Scientists who study why species vanish are increasingly looking for ancient DNA. They find it easily enough in the movies; remember the mosquito blood in Jurassic Park that contained dinosaur DNA from the bug's last bite? But in real life, scientists haven't turned up multi-million-year-old DNA in any useable form.
Fortunately, a team at the Smithsonian Institution has now found something unique in a 46-million-year-old, fossilized mosquito — not DNA, but the chemical remains of the insect's last bloody meal.
They started with a fossilized mosquito. If you think it's incredibly rare for a dinosaur to die and get fossilized for millions of years, imagine what it's like for a bug. Dale Greenwalt has. "Everything has to go exactly right to become fossilized," the retired biochemist explains.
Everything did go right in a little corner of Montana millions years ago. There's a rock formation there — mostly shale — that's a veritable bug cemetery. Greenwalt collects fossils there, as a Smithsonian volunteer. He spends weeks along a stream examining pieces of shale with a handheld lens, then hauls the loot back to the Smithsonian for more microscopic study.
How the bugs ended up in the shale, he says, is a process that only happened rarely. Millions of years ago, a mosquito, say, might land on a gooey mat of algae and microbes, floating on a pond. The mosquito gets stuck in the muck and dies. And then, Greenwalt says, "The algae and the microbes actually grow up and around and encase and envelope the insect."
That entombment protects the bug's corpse. The mat eventually sinks to the bottom of the pond. As sediment slowly covers it and becomes rock, the bug's impression is preserved in stone.
What Greenwalt and a team from the Smithsonian Institution's Museum of Natural History have discovered in one of those impressions is iron — a lot of it — as well as chemical compounds called porphyrins. They're found in what had been the mosquito's abdomen, and nowhere else in the impression. Nor are these compounds in the surrounding rock.

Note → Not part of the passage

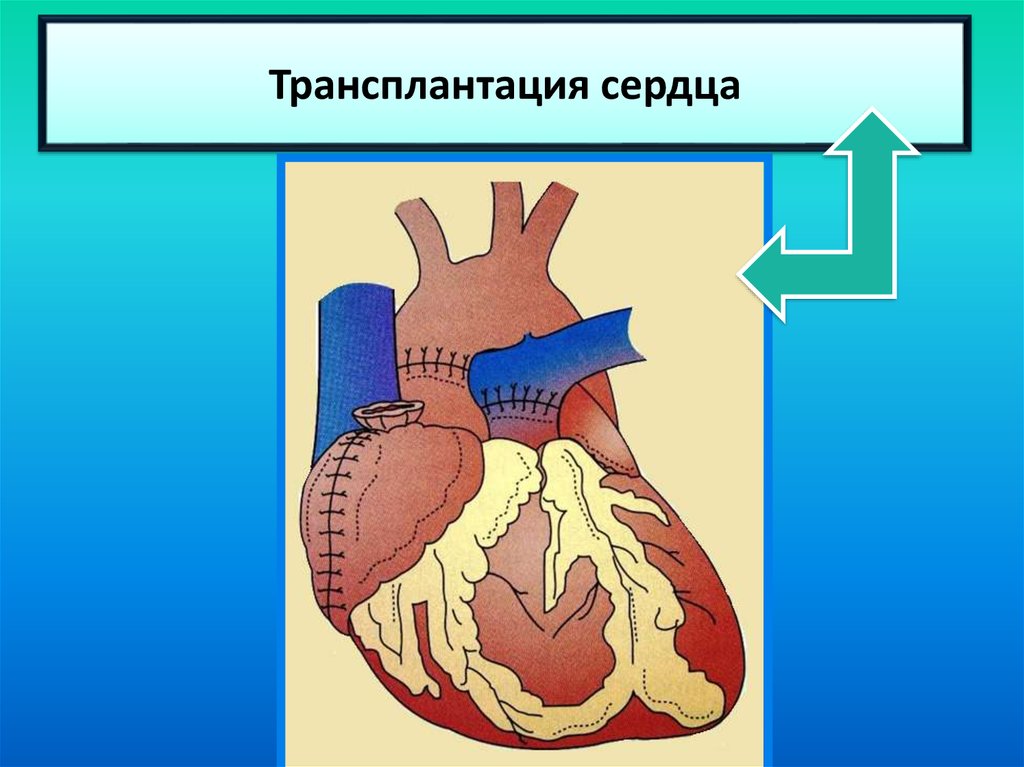 Трансплантация сердца презентация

The tiny cache of iron and porphyrins was preserved inside the mosquito fossil for 46 million years. "It was exciting," Greenwalt says, "and everyone was jumping up and down because we knew this was exceedingly rare and important."
They were jumping up and down because iron and porphyrins are the brick and mortar of hemoglobin, the substance that carries oxygen in blood. What they had were the remains of the mosquito's last blood meal. Given the species of mosquito (something Greenwalt could tell from its shape), Greenwalt guesses that its last meal came from a bird; it's a species that preys on birds nowadays. He says the research is important because it demonstrates a technique that could turn up other chemical clues to ancient life.
The team describes the discovery in this week's Proceedings of the National Academy of Sciences. Greenwalt says it was the Smithsonian's high-tech spectroscopy equipment — which can detect tiny amounts of any element — that made this possible. It's the kind of hardware you don't find in most paleontology labs.
The team plans to try their equipment out on more bugs. "We have fossil insects that are bright yellow, bright red [and] bright orange ... probably a whole array of different types of pigments," Greenwalt says. "I've got the next ten years of my life all planned out working at the museum."
Considering that Greenwalt is a volunteer at the Museum of Natural History — he's been retired from a career as a biochemist for years — that looks like a pretty good deal for the Smithsonian ... and for bug history.